It was a gloriously hot day, as good as any I've experienced abroad. As we walked up the main street, the crowds were making the most of the weather, and I felt like I was in a modern day Donald McGill postcard. There were lots of fat women in tight dresses with screaming kids, queues for the fish and chip shop, abandoned ice cream cornets lying on the pavement waiting for someone to slip, and - the modern aspect - scantily-clad girls with their shaven-headed, tattooed paramours, sinking lagers.

It felt good to be in England.

Tuesday, 18 May 2004

Coldplay

I've often debated with myself the meaning of the old adage, "Ne'er cast a clout till May is out." I've generally come to the conclusion that the "May" referred to is actually May blossom, rather than the month of May.
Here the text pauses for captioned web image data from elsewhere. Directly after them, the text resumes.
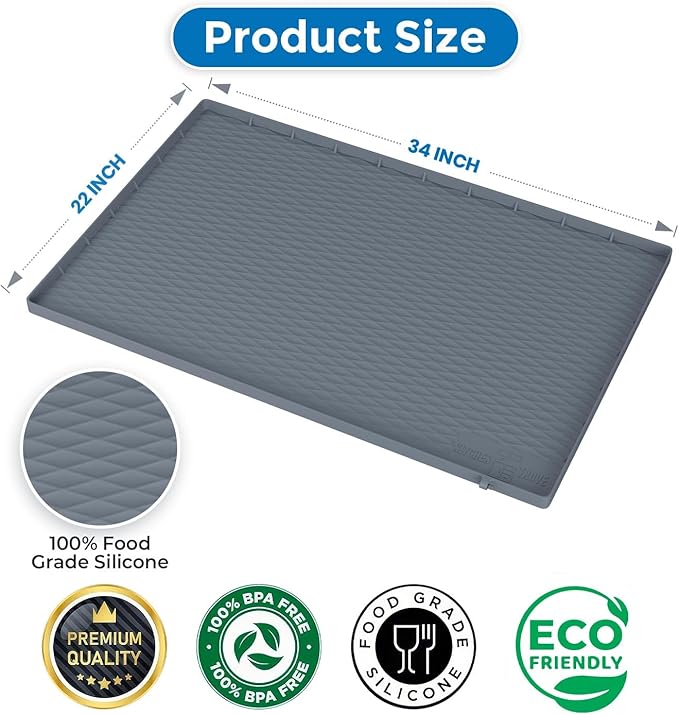 Heavy Duty Under Sink Mat for Kitchen Waterproof 34" x 22" Silicone Under Sink Tray with Raised Edges for Kitchen & Bathroom - Kitchen Cabinet Organizers and Storage Sink Drip Tray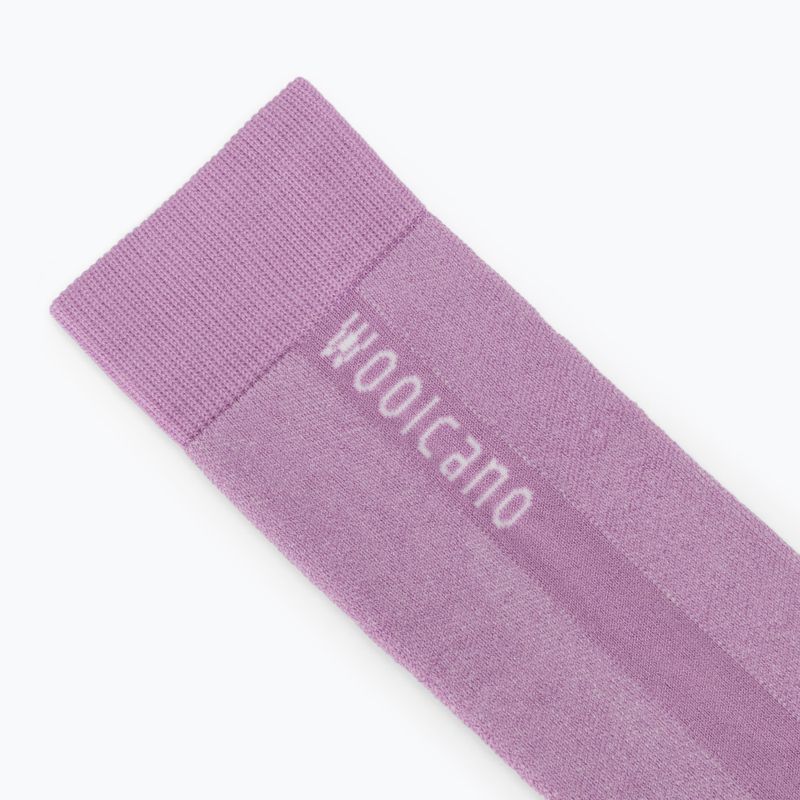 Women's ski socks Woolcano SCK1096 Szary/Różowy 3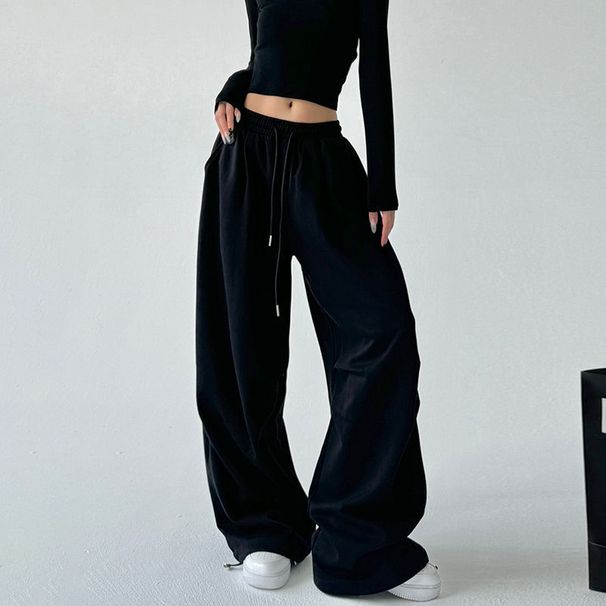 Women's Casual Jogger Pants High Waist Wide Leg Lounge Pants With Pockets Soft Polyester Workout Sweatpants Streetwear Fashion_voghion.com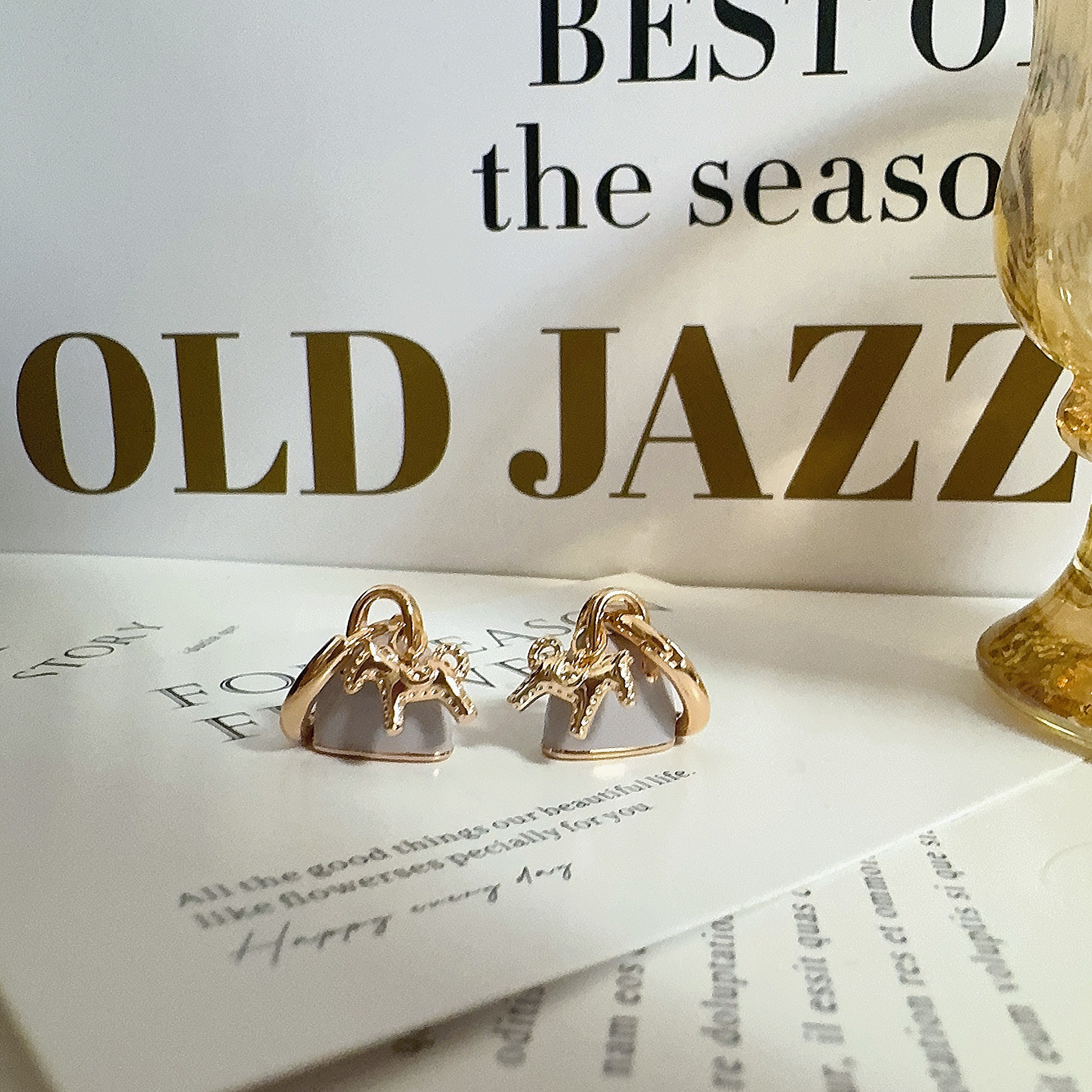 铜合金耳饰 4614 香芋色包包耳环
Seemed to make sense, in that, if the weather has been poor, the blossom will probably be late. Ergo, it will be too cold to cast any of those clouts accumulated over the winter.

But now I'm not so sure. There's certainly an abundance of May blossom about, and the excellent weather has seen me casting clouts like they were going out of fashion (actually, in the Toon, I think they are). But the month is not yet out.

And what has happened? I've got a sore throat, a snuffly nose and regular bouts of sneezing. I've got a cold! And is there any echinacea in the house? There is not. I NEED echinacea. For the love of god, ECHINACEA!!!